DAUGHTERS OF THE CULT: STREAM IT OR SKIP IT? 

Opening Shot: “I was 13 years old the day I escaped my father’s cult. A violent, polygamist cult.” And as a reenactment of this moment appears, we’re introduced to Anna LeBaron, who speaks alongside her sister Celia LeBaron. 

The Gist: By the early twentieth century, the Mormon church no longer recognized polygamy. But that didn’t stop breakaway fundamentalist believers in the practice from settling with their followers in Mexico. And by the late 1960s, Ervin LeBaron and his brothers Joel and Verlan had set up their flock on a primitive colony based in Chihuahua. Joel was the designated prophet of The Church of the First Born of the Fullness of Times, where plural marriage was exulted, while Ervin was the charismatic face man, converting people to the cause and keeping the tithes rolling in.

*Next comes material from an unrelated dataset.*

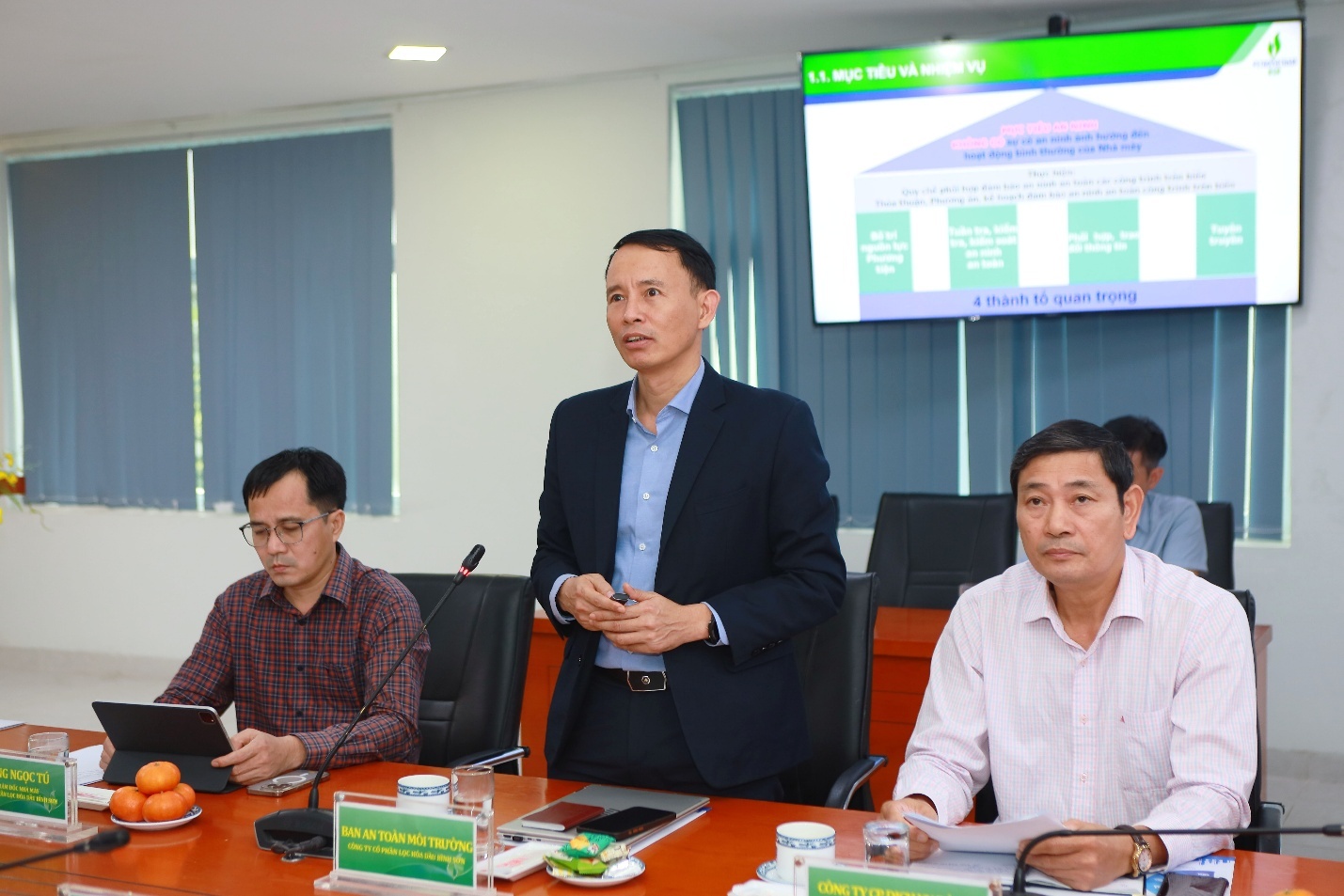 BSR ký kết quy chế phối hợp với Bộ đội Biên phòng Quảng Ngãi- Ảnh 2. BSR ký kết quy chế phối hợp với Bộ đội Biên phòng Quảng Ngãi- Ảnh 2.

But Ervin wanted more power, and control of that financial juice. And soon enough he split from his brothers to form a splinter sect, The Church of the Lamb of God, with himself as sole prophet.

“I was fully convinced that we were God’s people,” Celia LeBaron says in Daughters of the Cult. “And even losing my sister could not shake my faith.” Indoctrinated from birth, Celia, Anna, their brother Hyrum, and all of their siblings were expected to obey Ervin’s every order, which he typically declared came straight from the divine. Weapons training also became standard, especially after Ervin adopted the doctrine of “Blood Atonement.” What Mormon historian and blogger Lindsay Hansen Park describes as a defunct tenant of the mainline LDS church became central to Ervin’s belief system, and the justification to murder any of his perceived rivals, which included his brothers and other fundamentalist leaders.

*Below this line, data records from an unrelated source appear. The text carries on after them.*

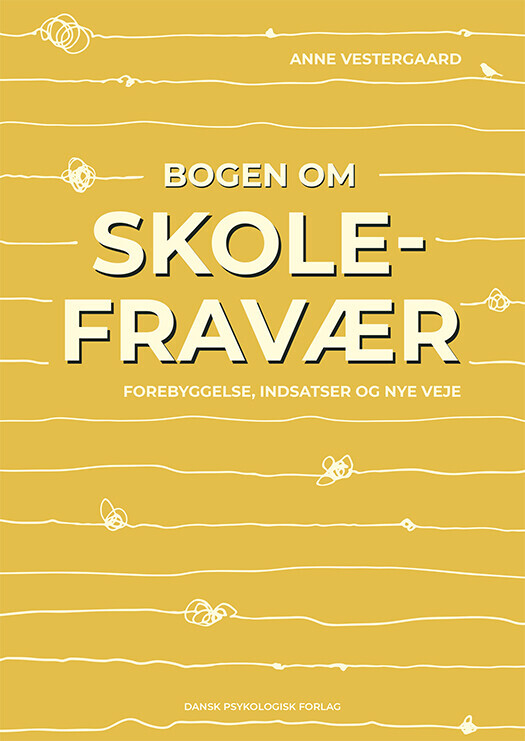 Bogen Om Skolefravær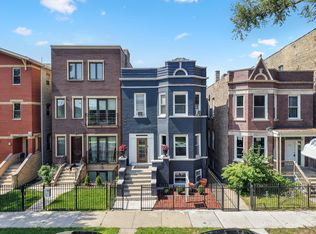 1338 S Washtenaw Ave, Chicago, IL 60608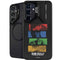 Cowboy Bebop Bounty Hunters Galaxy S24 FE Kickstand Case
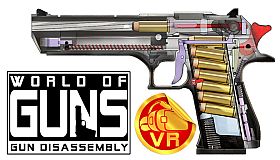 World of Guns: VR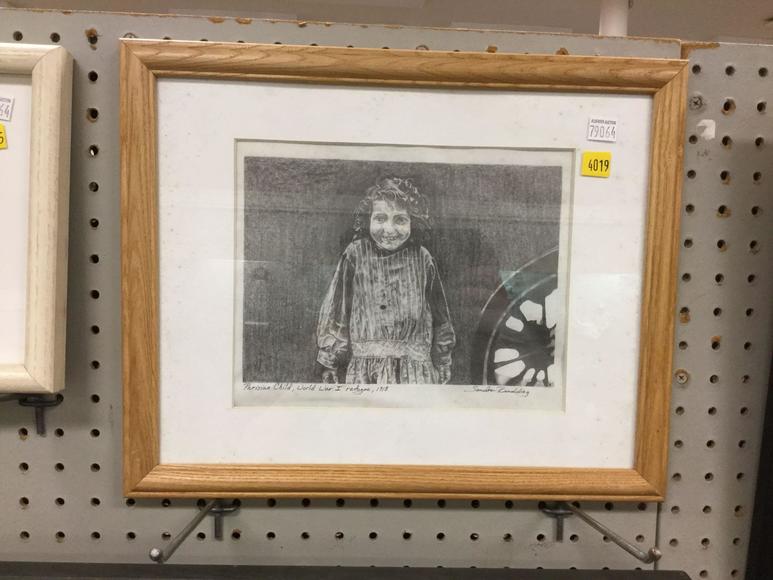 Image for Gallery/Estate and Train Auction: 10-12-17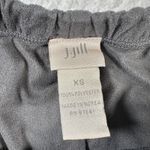 J.Jill Faux Suede Short Skirt Drawstring Comfortable Women's X Photo 6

Daughters of the Cult will delve further into Ervin LeBaron’s hold over his children and followers, which eventually led to over 30 killings, some committed after his capture via jailhouse decree laced with religious zealotry. Brainwashing, the coercion of young women into sexual relationships and plural marriages with older men, and the experiences of Anna and Celia, first as children forced into a life on the run and then as those who escaped the cult – it’s a true crime stew curdled in fear and the nature of one man’s murderous, greedful god complex.

DAUGHTERS OF THE CULT HULU
Photo: Hulu

What Shows Will It Remind You Of? Speaking of fundamentalist Mormon cults, Netflix features the harrowing docuseries Keep Sweet: Pray and Obey that focuses on convicted “ultimate prophet” polygamist Warren Jeffs. Under the Banner of Heaven adapted Jon Krakauer’s 2003 book into a scripted series. And in a different though no less morbid light, the Max docuseries La Narcosatanica explored how a cult leader/serial killer in 1980s Mexico coerced women to do his bidding, all in the name of his self-styled death cult.

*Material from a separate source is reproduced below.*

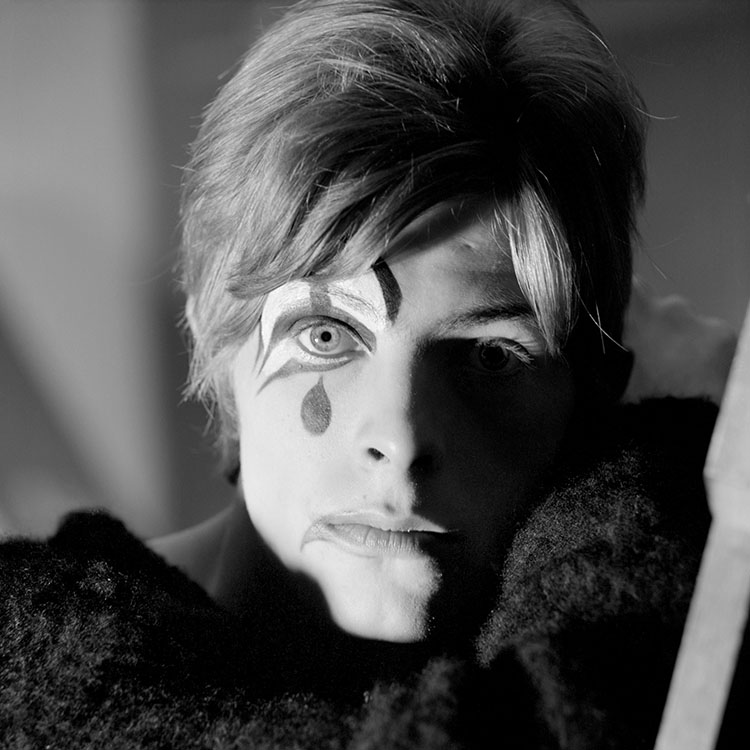 David Bowie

Our Take: Sometimes – often – it seems like we’ve just got too much true crime. From podcasts to documentaries to dramas developed out of podcasts and documentaries, it’s more than enough to create a strong sense of fatigue, if not a rejection of the form entirely. (What does dwelling on all of this violence say about us as a society?) And how many killers and cults are out there, anyway? The answer, apparently, isn’t finite. Because just when that fatigue really starts to saturate, a docuseries like Daughters of the Cult comes along to reveal an entirely new strain of ghastly acts committed in the name of religion, or at least as one man sees it. As a production of ABC News studios, Daughters doesn’t coat its narrative in impressionistic washes of animation, or other creative ways to represent past incidents and personal memory. Instead it presents its central subjects in straightforward talking head interviews, combines those with commentary from Mormonism experts and law enforcement authorities, and completes its format with reenactments in the style of 20/20 or Dateline. And this approach works, because it grounds the awful scope of Ervin LaPorte’s selfish, zealotry-fueled actions. He is reduced to the hardcore description denoted on his FBI’s most wanted notice: “religious terrorist.”  

But there’s a compelling human element in Daughters of the Cult, too, illustrated best by the sisterly bond between Anna and Celia LaPorte that guides the series narrative. It keeps us engaged with the horrors they describe, beyond just another round of true crime ogling, because it’s gripping to hear their perspective on what they experienced. And those perspectives are what prevent the all-controlling nature of a figure like their father and cult leader from becoming more of a monster than he already was.

DAUGHTERS OF THE CULT
Photo: Hulu

Sex and Skin: Speaking about her father Ervin’s methods, Celia Lebaron says that “The only way that you can make sure that these girls will be compliant to marry old men is to get them before they’re fully sexually mature, and to get them before they have a mind of their own.” Ervin, Anna LeBaron continues, always couched these declarations in the raiment of divine revelation. But at its core, “It was creepy old men marrying very young, underage girls for sex.” 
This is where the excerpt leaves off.